Arbeiter zu Medizinern

Der Initiativkreis Ruhrgebiet hat einen bundesweit einmaligen Klinikführer herausgebracht. Er soll PatientInnen beraten und Arbeitsplätze schaffen

„Wir wollen Arbeitsplätze schaffen, die in der Montanindustrie verloren gegangen sind“

AUS ESSENNATALIE WIESMANN

PatientInnen im Revier können jetzt selbst entscheiden, welche Klinik für sie die Beste ist. Denn der Initiativkreis Ruhrgebiet hat einen Klinik-Führer herausgegeben. Er soll über den Servicecharakter hinaus zu Qualitätsverbesserungen führen und langfristig neue Arbeitsplätze in der Region schaffen.

„Das ist eine bundesweit einmalige Pilotstudie“, sagte Projektleiter Dieter Heuskel und Geschäftsführer der Boston Consulting Group (BCG) gestern bei der Vorstellung des Klinik-Führers in Essen. Damit eile das Ruhrgebiet den Bestrebungen des Bundes nach Transparenz im Gesundheitsbereich voraus. Auch habe man geplant, den Klinik-Führer ins Englische zu übersetzen. „Wir wollen Patienten und renommierte Ärzte aus dem Ausland anziehen“, sagt er. Dadurch könne der Strukturwandel vorangetrieben werden. „Wir werden Arbeitsplätze schaffen, die in der Montanindustrie verloren gegangen sind“, sagt Heuskel optimistisch.

Das Picker Institut aus Hamburg hat die Erhebungen unter 12.000 PatientInnen und 3.500 niedergelassenen ÄrztInnen durchgeführt. Befragt wurden frisch entlassene PatientInnen nach ihrer Zufriedenheit mit Ärzteschaft und Pflegepersonal sowie mit dem Behandlungserfolg und Serviceleistungen. Den FachärztInnen wurde die Frage gestellt, „in welches Krankenhaus sie sich selbst einliefern würden.“ Ergänzend dazu hat der Lehrstuhl für Medizin-Management der Uni Duisburg-Essen klinikinterne Statistiken in Hinblick auf Erfahrung und Qualität ausgewertet.

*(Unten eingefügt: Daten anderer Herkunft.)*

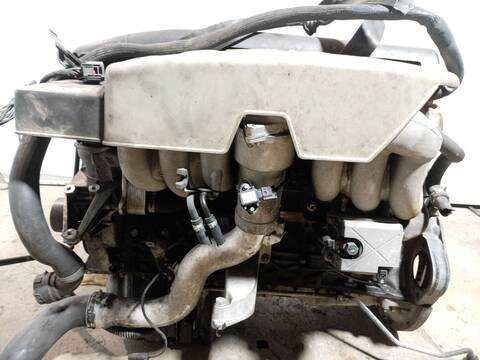 Foto 4ª: Motor Completo Mercedes Clase S 220 S 320 CDI 220.026 220.126) 197CV 145KW [OM 613.960] (2010)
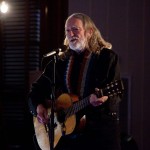 Willie Nelson premieres a new track from his 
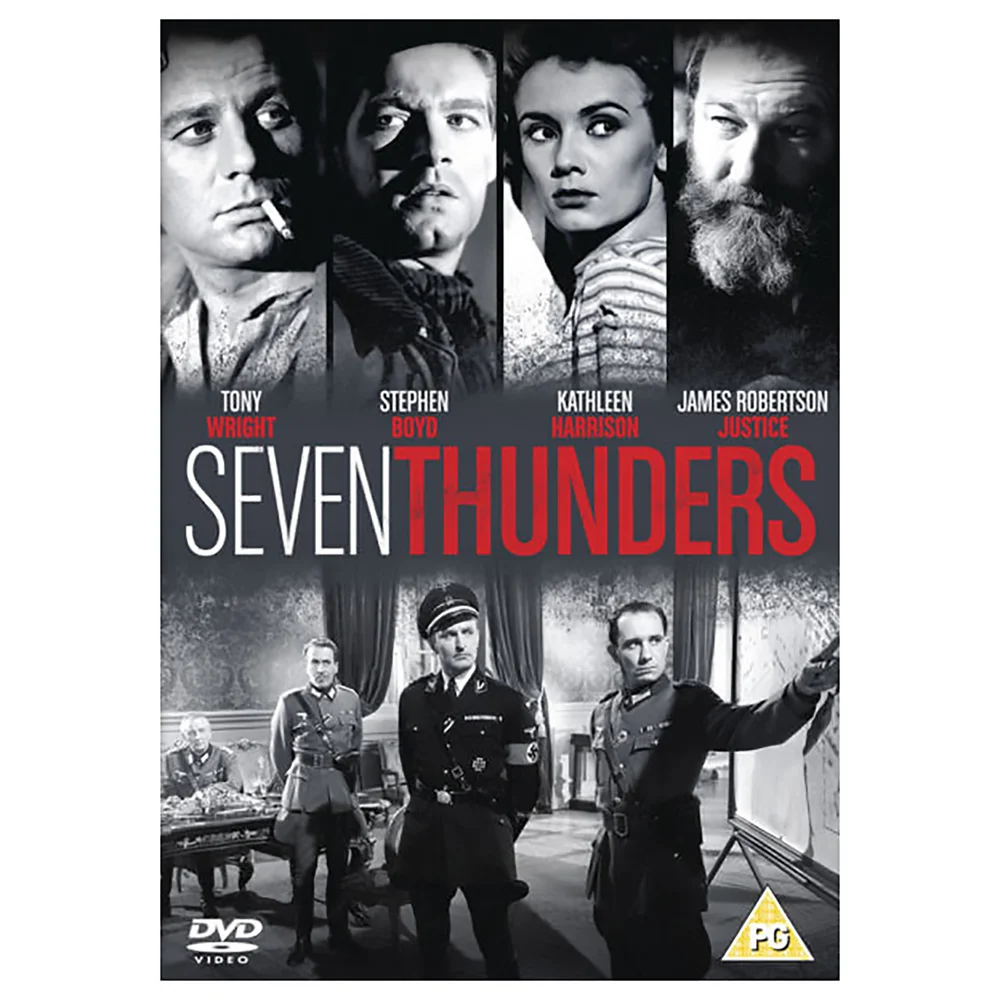 Seven Thunders Image 1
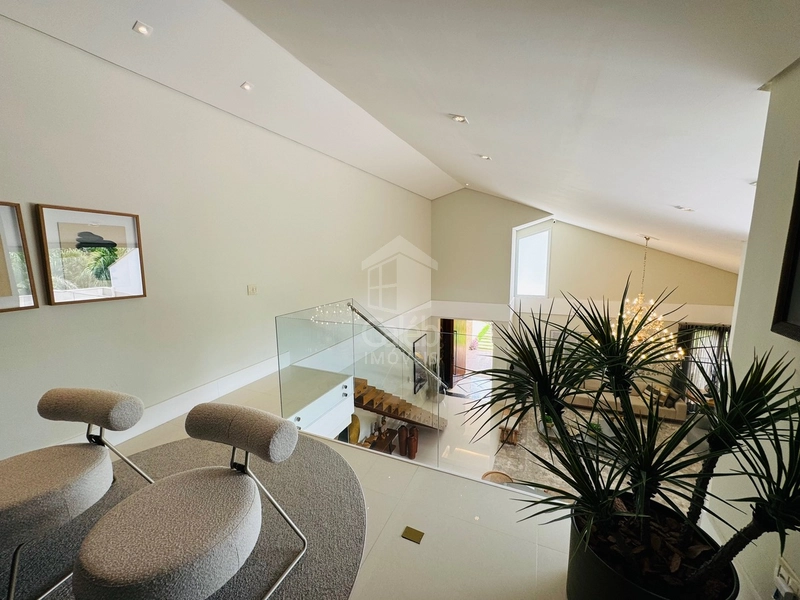 Mansão de luxo com 4 suítes, piscina e lago condomínio Green Valley: 29ª foto da galeria de imagens do imóvel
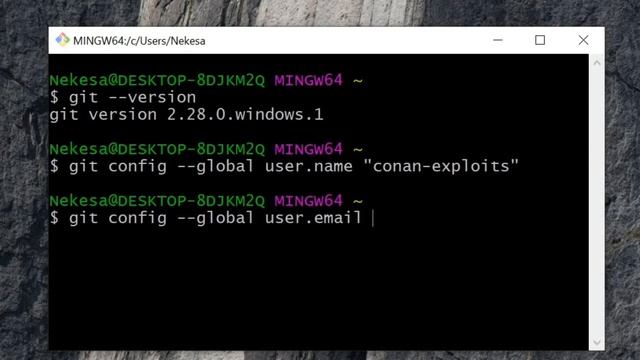 How to install Git & Clone a Repository on Windows 10 смотреть онлайн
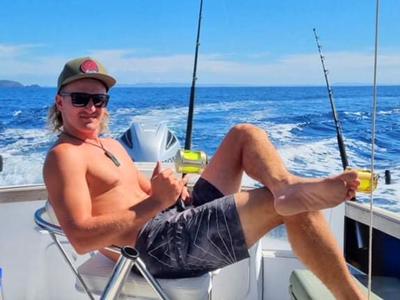 Rukas’ runnin for a cause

Nur 37 von 110 Kliniken im Ruhrgebiet haben sich an der Transparenzstudie beteiligt, die Teilnahme war freiwillig. Ausgewählt wurden die Fachrichtungen Kardiologie, Chirurgie und Wirbelsäulenerkrankungen. 40 Kliniken sind aus der Studie herausgefallen, weil sie in diesen Bereichen keine oder zu wenig Behandlungsfälle hatten, erklärt Alexander Kirstein von der BCG. Andere Krankenhäuser, wie beispielsweise in Hamm, hätten sich „nicht zum Ruhrgebiet zugehörig“ gefühlt. Und dass einige Einrichtungen sich gar nicht rückgemeldet hätten, spreche für sich, so Kirstein. „Wir haben extra kein Ranking vorgenommen“, sagt Kirstein auf Anfrage. Man habe nicht vor, die PatientInnen zu bevormunden, sie sollten selbst die Bewertung vornehmen. Die Kriterien, die ein Krankenhaus empfehlenswert machen, seien zu differenziert, so Kirstein. „Wenn eine kranke Person viel Wert legt auf eine gute Atmosphäre, dann kann sie sich eine solche Klinik aussuchen“, fügt Axel Focke vom Lehrstuhl für Medizin-Management der Uni Duisburg Essen hinzu. In Serviceleistungen könnten sich beispielsweise kleine Krankenhäuser profilieren.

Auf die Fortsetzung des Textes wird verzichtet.